[Start of section]
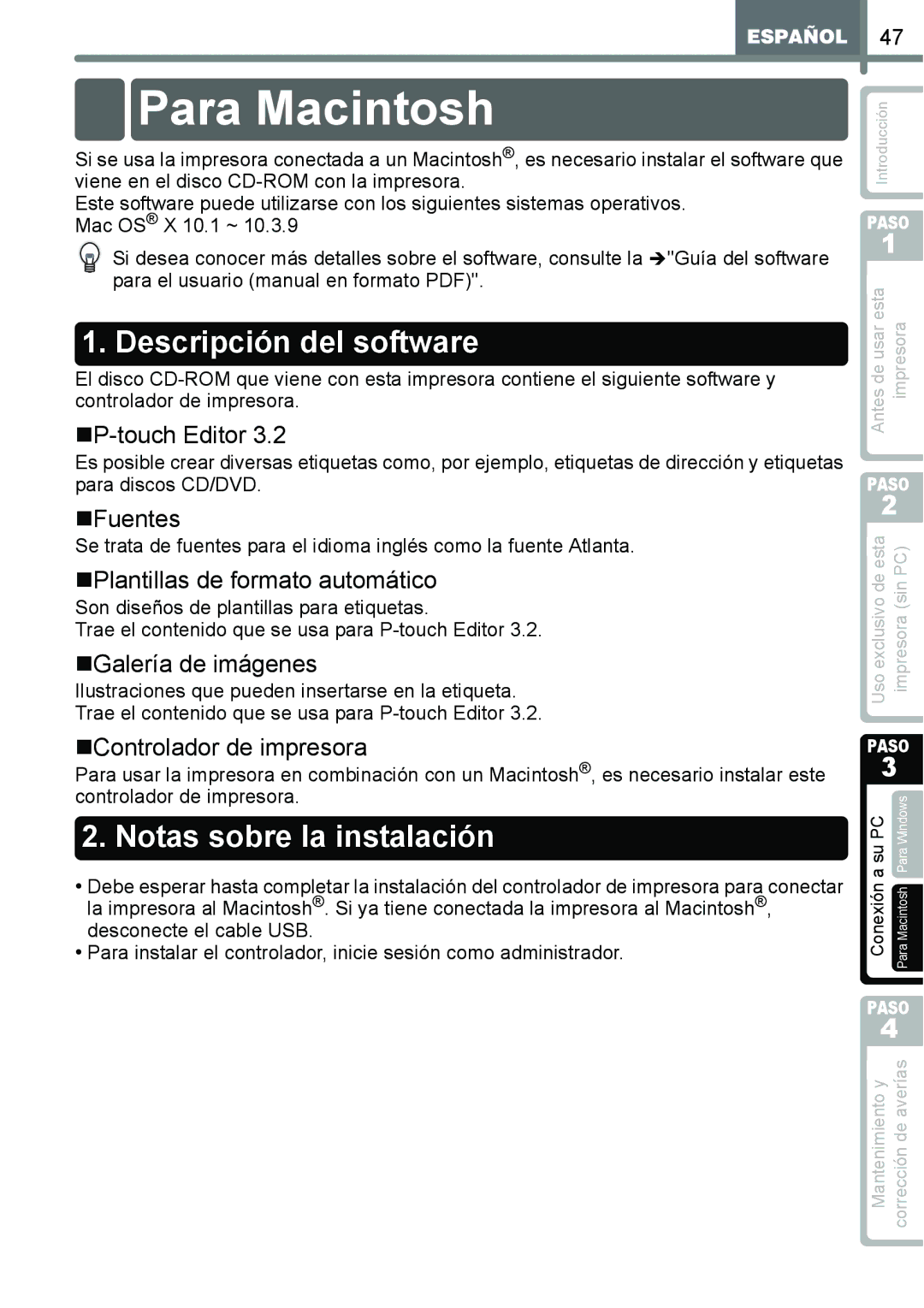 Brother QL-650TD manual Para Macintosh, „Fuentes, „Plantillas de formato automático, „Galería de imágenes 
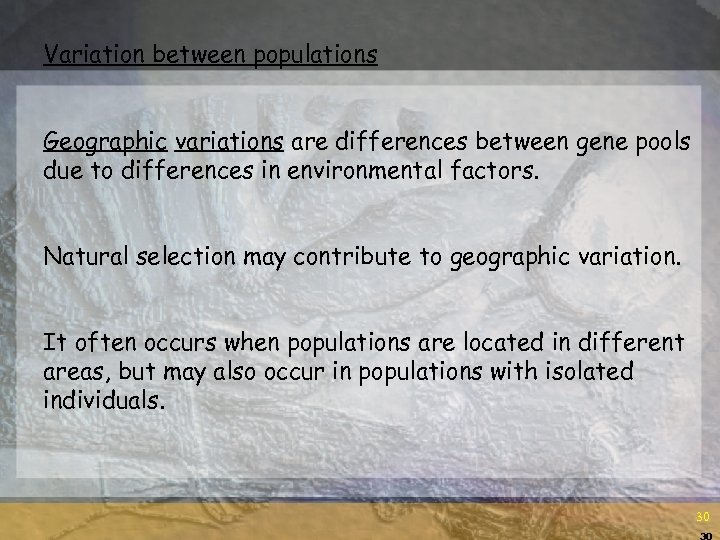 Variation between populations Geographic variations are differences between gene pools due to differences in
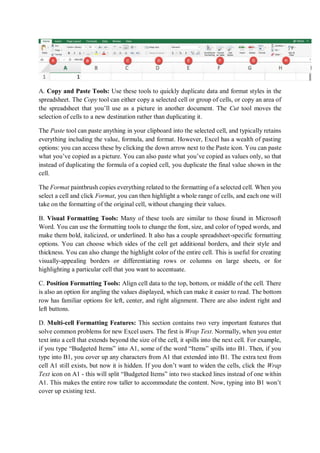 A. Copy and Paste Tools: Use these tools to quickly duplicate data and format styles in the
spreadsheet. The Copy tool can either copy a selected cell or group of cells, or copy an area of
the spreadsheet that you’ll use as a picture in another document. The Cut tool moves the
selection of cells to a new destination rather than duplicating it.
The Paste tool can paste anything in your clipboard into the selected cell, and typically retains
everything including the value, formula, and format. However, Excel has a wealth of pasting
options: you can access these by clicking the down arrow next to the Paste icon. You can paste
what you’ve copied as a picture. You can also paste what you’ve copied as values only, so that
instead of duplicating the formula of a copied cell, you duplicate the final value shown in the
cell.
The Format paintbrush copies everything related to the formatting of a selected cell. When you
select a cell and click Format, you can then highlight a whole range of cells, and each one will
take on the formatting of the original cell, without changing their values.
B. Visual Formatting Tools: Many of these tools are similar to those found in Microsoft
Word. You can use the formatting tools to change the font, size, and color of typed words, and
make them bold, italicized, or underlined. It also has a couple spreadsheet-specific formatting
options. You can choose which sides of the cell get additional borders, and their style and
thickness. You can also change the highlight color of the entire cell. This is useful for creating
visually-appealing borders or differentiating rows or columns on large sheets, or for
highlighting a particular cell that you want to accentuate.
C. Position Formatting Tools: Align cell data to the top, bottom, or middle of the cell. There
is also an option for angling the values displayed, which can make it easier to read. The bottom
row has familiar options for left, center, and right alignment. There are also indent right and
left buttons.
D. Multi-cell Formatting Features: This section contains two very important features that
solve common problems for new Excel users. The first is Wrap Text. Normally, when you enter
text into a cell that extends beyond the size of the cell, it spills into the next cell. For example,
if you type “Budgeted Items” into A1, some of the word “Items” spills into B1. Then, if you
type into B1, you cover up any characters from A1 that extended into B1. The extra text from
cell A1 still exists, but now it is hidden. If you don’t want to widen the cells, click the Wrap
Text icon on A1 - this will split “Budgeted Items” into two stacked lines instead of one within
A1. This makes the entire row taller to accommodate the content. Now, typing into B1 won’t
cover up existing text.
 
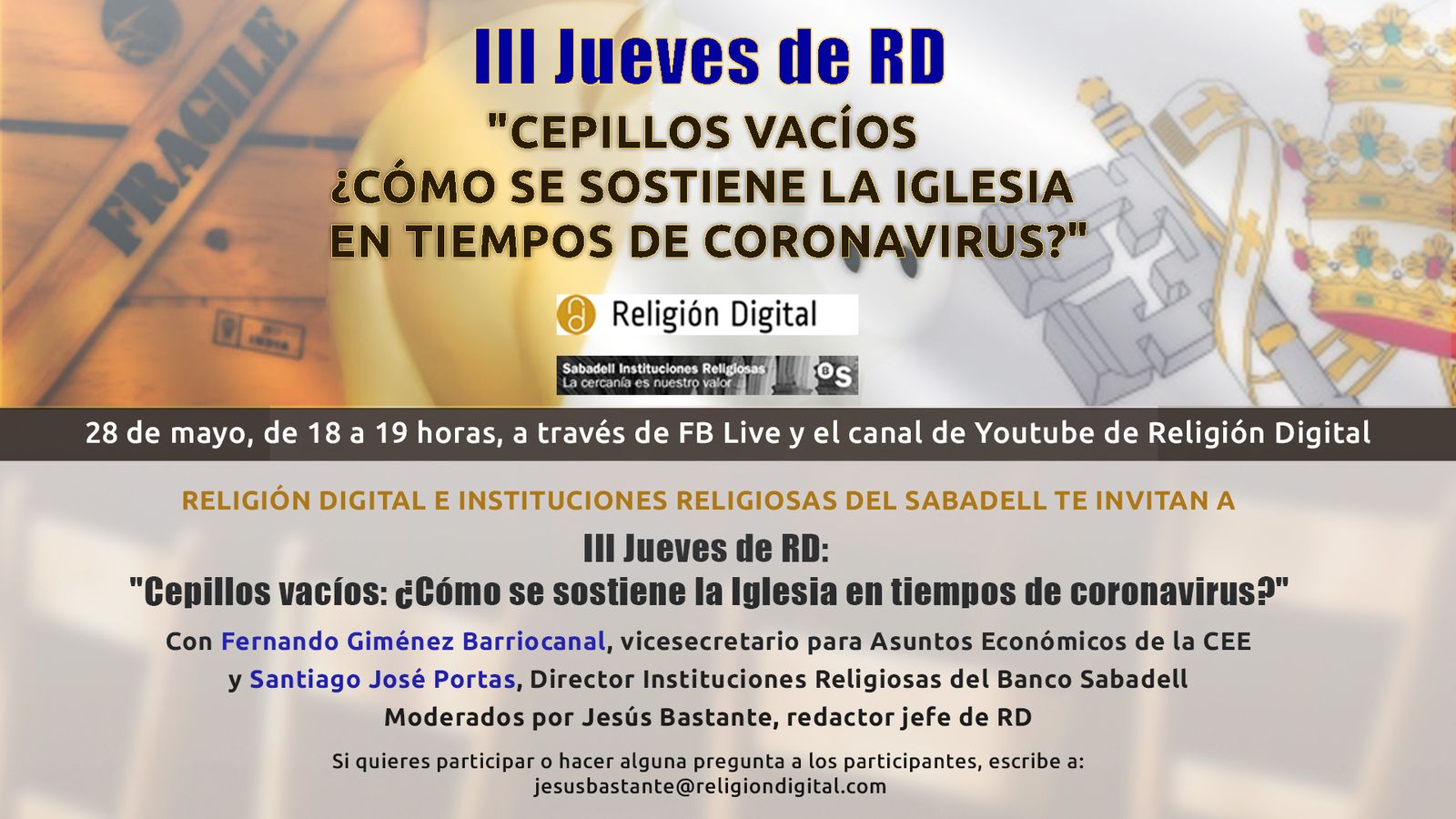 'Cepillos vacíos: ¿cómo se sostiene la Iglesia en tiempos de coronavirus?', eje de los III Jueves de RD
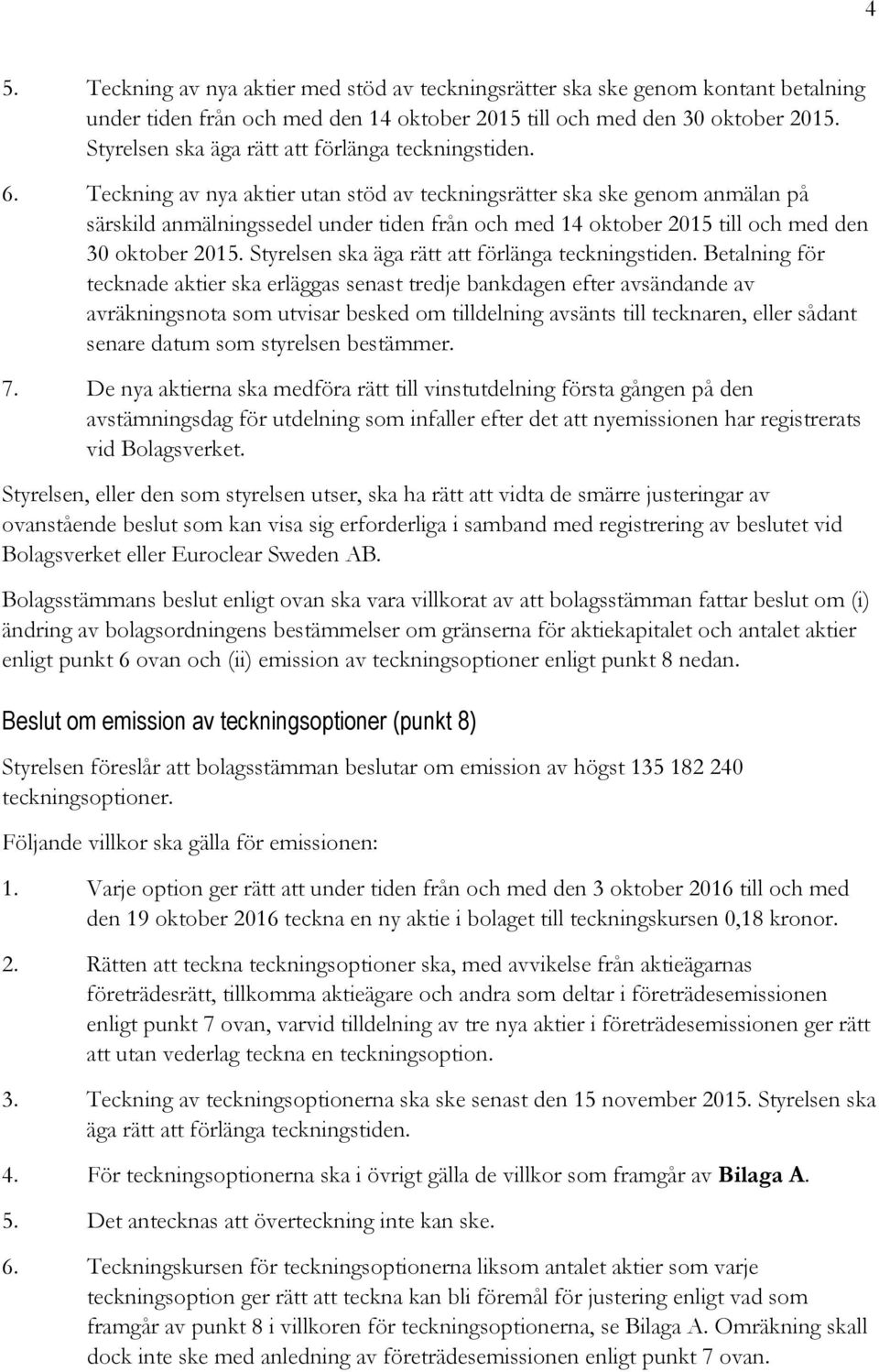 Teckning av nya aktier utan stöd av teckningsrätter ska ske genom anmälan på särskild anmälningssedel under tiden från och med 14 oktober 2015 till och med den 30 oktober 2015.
[End of section]
■ **Required work**:
After locating "Variation between populations" and "select a cell" in the records above, return exactly the line holding each one and every line between them; leave out the pictures.

■ **Reply to the task**:
 Variation between populations Geographic variations are differences between gene pools due to differences in
 A. Copy and Paste Tools: Use these tools to quickly duplicate data and format styles in the
spreadsheet. The Copy tool can either copy a selected cell or group of cells, or copy an area of
the spreadsheet that you’ll use as a picture in another document. The Cut tool moves the
selection of cells to a new destination rather than duplicating it.
The Paste tool can paste anything in your clipboard into the selected cell, and typically retains
everything including the value, formula, and format. However, Excel has a wealth of pasting
options: you can access these by clicking the down arrow next to the Paste icon. You can paste
what you’ve copied as a picture. You can also paste what you’ve copied as values only, so that
instead of duplicating the formula of a copied cell, you duplicate the final value shown in the
cell.
The Format paintbrush copies everything related to the formatting of a selected cell. When you
select a cell and click Format, you can then highlight a whole range of cells, and each one will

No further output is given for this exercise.